Peter Slater, Jr. strove to uphold America, patriotic ideals his entire life. Slater was an English immigrant living in Boston and was thirteen years old during the Boston Tea Party.
In the years before the Boston Tea Party, Slater was involved in conflicts with British soldiers in Boston. This insolent disposition was illustrated by his escapades on December 16, 1773. He was among the crowd at the Old South Church. At the time, Slater apprenticed for a rope walk, and his liege was suspicious of a plot regarding tea, so he locked him in his room so that he would not be able to participate in any suspected wrongdoings. Slater, determined to be involved in the patriotic cause, snuck out of his room through a window and lurked to a blacksmith where someone, undercover in costume, instructed that Slater used charcoal to paint his face and put on a handkerchief, joined with approximately twenty other people who went with the undercover man. In silence, Slater, along with five other dissenters, mounted The Beaver in Boston Harbor and assumed their positions— two people grabbed the tea, two people dumped the tea, and Slater and a partner used posts to submerge the tea. Still in an unspoken tension, they successfully destroyed the tea and disbanded once they reached Griffin’s Wharf again.

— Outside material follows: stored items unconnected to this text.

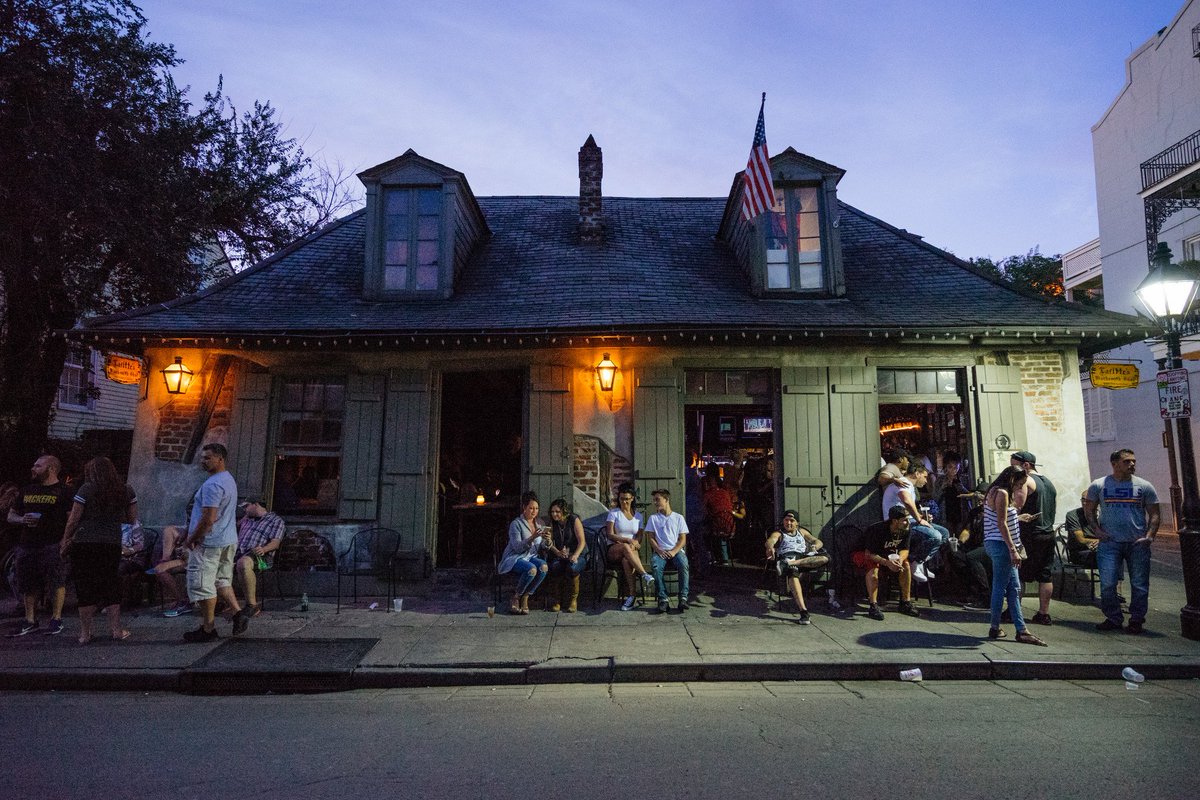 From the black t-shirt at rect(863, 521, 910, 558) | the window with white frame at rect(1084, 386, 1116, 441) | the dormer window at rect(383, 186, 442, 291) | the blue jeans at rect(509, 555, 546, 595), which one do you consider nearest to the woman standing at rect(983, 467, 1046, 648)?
the black t-shirt at rect(863, 521, 910, 558)

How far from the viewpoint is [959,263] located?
10.2 meters

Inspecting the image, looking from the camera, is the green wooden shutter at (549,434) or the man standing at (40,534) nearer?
the man standing at (40,534)

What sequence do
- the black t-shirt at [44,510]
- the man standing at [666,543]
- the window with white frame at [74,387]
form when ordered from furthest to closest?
the window with white frame at [74,387]
the man standing at [666,543]
the black t-shirt at [44,510]

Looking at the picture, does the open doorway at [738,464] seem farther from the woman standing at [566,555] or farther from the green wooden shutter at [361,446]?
the green wooden shutter at [361,446]

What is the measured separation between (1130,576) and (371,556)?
850 cm

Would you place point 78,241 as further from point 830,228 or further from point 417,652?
point 830,228

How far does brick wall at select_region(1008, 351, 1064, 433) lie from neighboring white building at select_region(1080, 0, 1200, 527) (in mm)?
9390

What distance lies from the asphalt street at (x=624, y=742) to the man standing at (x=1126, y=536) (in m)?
1.32

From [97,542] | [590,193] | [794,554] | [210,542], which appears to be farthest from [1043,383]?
[97,542]

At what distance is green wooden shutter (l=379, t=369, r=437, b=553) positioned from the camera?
8.43 meters

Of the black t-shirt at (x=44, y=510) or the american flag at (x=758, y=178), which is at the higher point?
the american flag at (x=758, y=178)

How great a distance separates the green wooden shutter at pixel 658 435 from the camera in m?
8.38

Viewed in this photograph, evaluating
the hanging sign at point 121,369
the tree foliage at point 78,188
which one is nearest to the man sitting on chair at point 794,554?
the hanging sign at point 121,369

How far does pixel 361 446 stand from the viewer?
861 cm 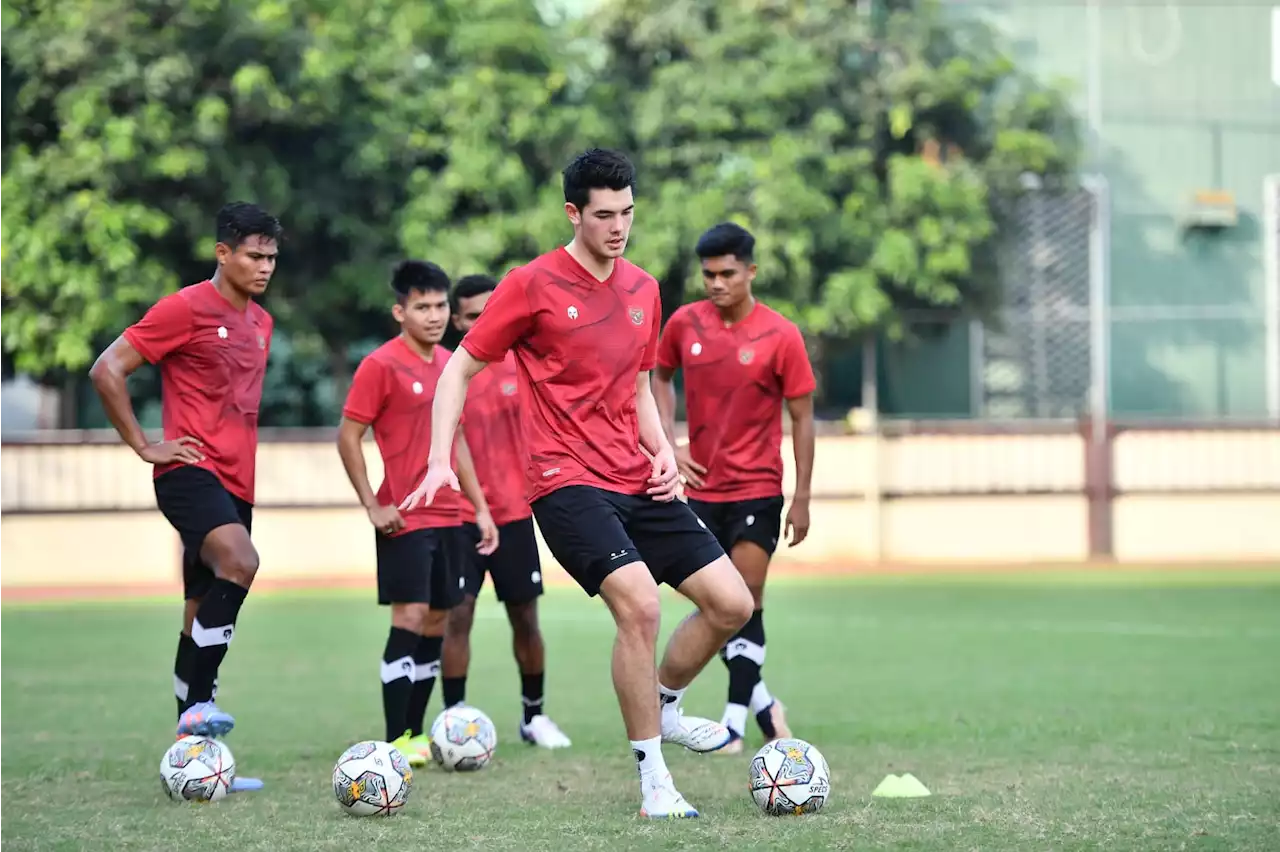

When he was sixteen years old, Slater observed the Battle of Bunker Hill happen, and shortly thereafter traveled to Worcester from Boston to join the military. Slater spent three years under Major William Treadwell’s command in an artillery unit. Slater’s commitment to patriotic ideals continued through his life.
Slater married Zilpa Chapin, and the two raised four daughters and ten sons. He created a rope walk in 1806 in Worcester, mirroring the apprenticeship that he held as a teenager. Slater passed away on October 13, 1831.